Restaurant > DiningRight side of the tracks
Linda French, owner of Ypsilanti's spectacularly popular Sidetrack Bar and Grill, is proud to have brought her bar "out of the Budweiser era and into the microbrew." She and daughter Jessica are emphatic that the Sidetrack is not a hangout for student swillers from Eastern Michigan University — though their prices would be appropriate for a college crowd. (Linda notes that at happy hour a customer can get 25 oz. of Guinness and a cheeseburger for less than $10.)
Their specialty, rather, is interesting beers: 16 drafts, including nine Michigan craft brews on tap, the highlight being Bell's Two-Hearted Ale. Others are Bell's Oberon, the biggest seller, Hacker Pschorr's Weisse, Great Lakes' Edmunds Fitzgerald ("best porter in the Midwest"), Huma-Lupa-Licious from Short's up in Antrim County, Woodchuck Amber hard cider from Vermont, and the only "lite" microbrew around, also from Short's.
Beer in bottles includes raspberry and cherry beers from Belgium, Bell's Stout, and Delirium Tremens, also Belgian, 9 percent alcohol and named "Best Beer in the World" at the 1998 World Beer Championships. And Stroh's.
Twenty-four vodkas, mostly flavored, and mixed drinks featuring such ingredients as peppermint schnapps, raspberry liqueur and ice cream are also big. A manager said the Caramel Appletini and the Grapesicle are popular, as are "kids at the end of the night doing Irish car bombs" (Irish Cream and Irish whisky in Guinness, slammed).

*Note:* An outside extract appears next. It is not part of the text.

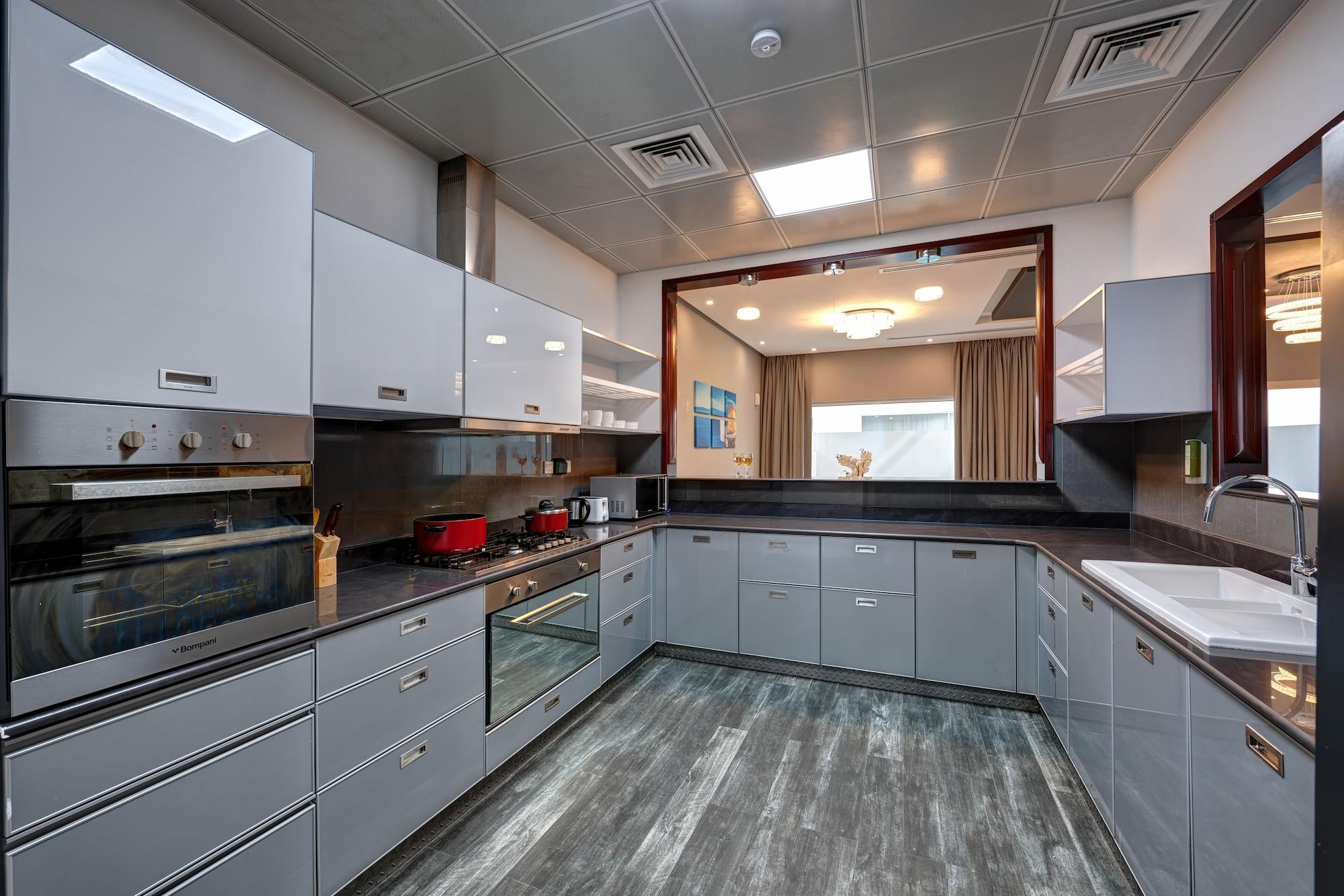 Kay Homes Ras al-Khaimah Buitenkant foto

The Sidetrack is beloved by Ypsilanti-ans for its history and ambience. The building, a pebble's throw from the Amtrak tracks, has been a bar since 1850, according to French, a former antiques dealer, and it still uses the original, elaborately carved, dark wood bar. There's a tin ceiling and lots of taxidermy, including a snarling bear cub; fresh flowers are quite welcome if a bit incongruous in the bar-rish setting. It's a minor thrill to feel the trains rumble by (the earth moves) and hear the whistle blow, and some patrons request the patio; these are closely watched trains.
Every few months, Jessica French organizes themed burger-and-beer tastings for $20-$25, with five courses, five beers, and live bluegrass (see sidetrackbarandgrill.com). And every first Tuesday, amateur opera singers get to strut their stuff (make a reservation); my classical-musician friends love this one.
The undisputed star of Sidetrack's extensive menu is the burger. Five years ago, GQ magazine called it one of "the 20 hamburgers you must eat before you die," nationally. Linda says her exact blend of fat and flesh, supplied by Hiller's and delivered twice a day, is ground to her proprietary specs. It probably doesn't hurt that the cheeseburgers get two slices of cheese (nine choices). Mini-burgers sound particularly attractive: the Mini Driver with blue cheese, caramelized onions and bacon, or the Mini Pearl with roasted red peppers and feta.
If beer, burgers, history and trains aren't enough to be known for, the Sidetrack's prices are also noteworthy: big salads topped with chicken or salmon for $10, ribs for the same, a Reuben for $6.50. The one-third-pound burger is $5.75. There are two happy hours when a 25-ounce draft is $2.95: late nights every night, when all liquor is half-price, and 4-6 p.m. Monday through Thursday, when wine is half-price.
Trusting GQ that the burgers are indeed superb, I chose just to watch them floating by on the servers' trays, very tall, and later regretted it, as many of the other dishes I tried were not to my taste.
Guacamole was bland, both sweet potato and regular fries were limp, a whitefish sandwich was faintly spicy but otherwise weak on flavor. Barbecued pork was mostly just sweet, and pasta pesce, which read great — lake perch over fettuccine with fresh spinach and pinenuts — was oily.
I did like the giant, succulent portabella "burger" with provolone, underpriced for two caps at $7.95. And cole slaw, incorporating red onion, was refreshingly nutty.
Desserts marked "sharable" on the menu are gargantuan beyond belief. An $8.95 warm brownie with Guernsey ice cream and "whipped cream" could have been split by five or six without stinting — especially after downing the Sidetrack's other generous portions (an extra carafe of iced tea, for example, was brought with our order, and more was offered). Cherry bread pudding, the only dessert made in-house, was a solid compressed block.
I relearned at the Sidetrack what I've so often told readers: If a restaurant is known for something, there's a reason. Go with that.